I and You, which recently closed a well-received co-production from Merrimack Repertory Theatre (MRT) in Lowell, Massachusetts and Richard Winker at 59E59 in Manhattan, is not your typical teenaged girl yarn. Lauren Gunderson has created a flawed young woman protagonist who plays the lead in her own story.

Catherine (Kayla Ferguson) lives in a photo-adorned, computer dominated attic room, homebound by a serious illness. Classmate Anthony (Reggie D. White) visits with a task: to create the visuals and refine a class video presentation on Walt Whitman’s Leaves of Grass. As we watch the teens give their hearts and minds over to Whitman, wit and tender awkwardness leads to a deep connection between the two.

Over the phone, with playwright Lauren Gunderson in San Francisco and director Sean Daniels in New York, I discussed the play’s evolution and this production’s developments.

Daniels is unabashed in his appreciation of his friend Gunderson’s artistry in general and this play’s flawed and funny and smart and intriguing protagonist. “She is smart, she writes awkward people, which we all love to see on stage, and she has a real dedication to female characters and female stories that I don’t see anywhere else.”

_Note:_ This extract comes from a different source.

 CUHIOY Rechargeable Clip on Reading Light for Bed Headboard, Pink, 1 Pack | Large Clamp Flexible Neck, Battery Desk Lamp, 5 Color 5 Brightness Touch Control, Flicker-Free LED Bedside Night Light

Where I and You takes us into the world of a teenaged girl with a serious illness, many of Gunderson’s other plays are about history’s forgotten women who, because of when they were alive, lost their credit and legacy to men. For Daniels, Gunderson turns all this around.

At the center of it is a young woman struggling with what she thinks and what she believes, and that’s our hero. That’s what’s exciting about Lauren Gunderson. It just feels like she happens to have presented to us, over and over again, really compelling, interesting female characters that anybody can root for. That’s how she’s subversively smart and helping to turn the tide for all of us.

The National New Play Network (NNPN) rolling premiere, a series of  collaboratively coordinated stagings that allow a playwright to continue work on a play through multiple full productions, deeply affected the development of this play in 2013 and 2014.

“It takes two full productions for me to get the play where I feel I’m ready to say publish or let go and give it its own life,” says Gunderson. “So that for me is really two rehearsal periods where that work is done.”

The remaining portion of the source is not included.